素材語と加工語。その2単語の文字を、ローマ字として考えて同じ部分を僕は「かかり」と呼んでいます。ローマ字でという意味はつまり<音として捉える>ということです。そして同じ部分が少なければ「かかりが浅い」、多ければ「かかりが深い」と表現します。そしてかかりは、深ければ深いほど、ダジャレとして粋ということ。ここでいつものように実例を。
<池脇シズル感>これはまあまあ、かかりが深くて好きです。<池脇千鶴>と<シズル感>がかかっている部分をローマ字で見てみると<hizuru>。この場合、前後にほどよく両単語のかかっていない部分があって、わかりやすさや面白みという点で、ここちよい作品です。
しかし、2単語の文字数が全然違っていたら、どちらかの語に完全に含まれてしまうケースも多々ある。
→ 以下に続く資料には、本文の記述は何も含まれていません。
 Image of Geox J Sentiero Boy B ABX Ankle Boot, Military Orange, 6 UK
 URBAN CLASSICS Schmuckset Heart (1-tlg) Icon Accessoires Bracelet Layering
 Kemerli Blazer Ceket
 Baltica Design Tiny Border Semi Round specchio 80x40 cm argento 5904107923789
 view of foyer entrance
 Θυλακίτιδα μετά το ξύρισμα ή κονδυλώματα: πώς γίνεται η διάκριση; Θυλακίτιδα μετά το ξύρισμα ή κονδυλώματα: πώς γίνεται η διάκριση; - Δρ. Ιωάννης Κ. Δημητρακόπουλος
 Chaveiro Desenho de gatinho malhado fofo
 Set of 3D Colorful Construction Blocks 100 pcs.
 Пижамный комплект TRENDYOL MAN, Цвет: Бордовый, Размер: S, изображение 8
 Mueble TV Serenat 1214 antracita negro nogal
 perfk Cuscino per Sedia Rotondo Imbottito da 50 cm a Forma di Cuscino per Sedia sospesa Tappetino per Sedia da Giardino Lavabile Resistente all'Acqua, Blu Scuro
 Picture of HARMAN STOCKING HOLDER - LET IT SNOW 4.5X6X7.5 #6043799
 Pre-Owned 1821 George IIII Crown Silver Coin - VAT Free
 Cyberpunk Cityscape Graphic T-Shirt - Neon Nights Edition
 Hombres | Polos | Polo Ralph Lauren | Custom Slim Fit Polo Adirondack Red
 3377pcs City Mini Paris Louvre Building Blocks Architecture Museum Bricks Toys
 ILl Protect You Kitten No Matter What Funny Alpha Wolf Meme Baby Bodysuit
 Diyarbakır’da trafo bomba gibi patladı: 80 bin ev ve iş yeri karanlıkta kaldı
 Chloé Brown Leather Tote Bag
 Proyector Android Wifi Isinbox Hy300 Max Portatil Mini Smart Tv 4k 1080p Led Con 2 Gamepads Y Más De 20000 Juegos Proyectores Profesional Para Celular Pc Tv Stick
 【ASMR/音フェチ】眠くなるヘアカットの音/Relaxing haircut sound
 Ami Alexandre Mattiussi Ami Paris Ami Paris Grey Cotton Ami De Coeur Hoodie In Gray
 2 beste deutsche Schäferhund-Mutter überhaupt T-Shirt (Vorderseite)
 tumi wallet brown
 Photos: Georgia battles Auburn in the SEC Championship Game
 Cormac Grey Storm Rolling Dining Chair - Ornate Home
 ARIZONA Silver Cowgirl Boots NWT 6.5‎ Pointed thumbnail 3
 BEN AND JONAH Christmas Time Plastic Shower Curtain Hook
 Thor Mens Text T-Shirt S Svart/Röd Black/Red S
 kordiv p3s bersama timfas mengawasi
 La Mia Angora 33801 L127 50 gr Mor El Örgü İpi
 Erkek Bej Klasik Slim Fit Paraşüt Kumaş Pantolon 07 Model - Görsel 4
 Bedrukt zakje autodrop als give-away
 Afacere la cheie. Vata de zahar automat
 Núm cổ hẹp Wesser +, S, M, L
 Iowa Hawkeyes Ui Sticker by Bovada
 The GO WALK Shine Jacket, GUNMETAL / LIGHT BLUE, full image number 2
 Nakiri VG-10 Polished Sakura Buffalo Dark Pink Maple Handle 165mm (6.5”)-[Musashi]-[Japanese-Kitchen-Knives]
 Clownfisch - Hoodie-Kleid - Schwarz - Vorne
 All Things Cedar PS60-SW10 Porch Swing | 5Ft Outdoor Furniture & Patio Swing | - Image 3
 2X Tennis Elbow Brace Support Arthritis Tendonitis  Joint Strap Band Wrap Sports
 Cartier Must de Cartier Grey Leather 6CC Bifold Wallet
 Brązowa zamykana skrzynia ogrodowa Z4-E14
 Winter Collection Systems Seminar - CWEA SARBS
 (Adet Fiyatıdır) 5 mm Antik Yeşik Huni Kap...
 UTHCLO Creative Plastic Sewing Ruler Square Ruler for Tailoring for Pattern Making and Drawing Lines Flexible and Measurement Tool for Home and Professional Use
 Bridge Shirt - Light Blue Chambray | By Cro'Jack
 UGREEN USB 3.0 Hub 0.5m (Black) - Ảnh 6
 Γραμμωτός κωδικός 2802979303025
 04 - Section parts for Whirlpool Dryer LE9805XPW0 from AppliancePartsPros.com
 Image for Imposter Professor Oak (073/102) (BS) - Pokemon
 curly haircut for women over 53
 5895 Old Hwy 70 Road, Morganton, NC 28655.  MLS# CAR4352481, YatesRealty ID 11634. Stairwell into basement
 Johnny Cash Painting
円を使った集合図で、1つの円の中に、もう一方の大部分が内包されている状態と思っていただければ。
<予感シュトラウス>これは、<K>と<H>がかかってないだけであとは含まれていますね。かかりの深さ的には相当なもの。
さらにいきつくと<完全一致>という究極のかかりものがあります。
<印籠>これは、野球の内角低め<インロー>と発音はまったく同じ。 ここまで美しい形になると粋の極みではあるのですが、気付いてもらえないことも多いので用法を工夫しないと一般的な会話では使いにくい。
たとえばフリを入れる。野球の話の中にこれをかますなら、水戸黄門が印籠を差し出す真似にするとか、水戸黄門の話の中なら、バットを構えて足下のボールを見送る真似をするとか。ただ発しても気付かれませんから。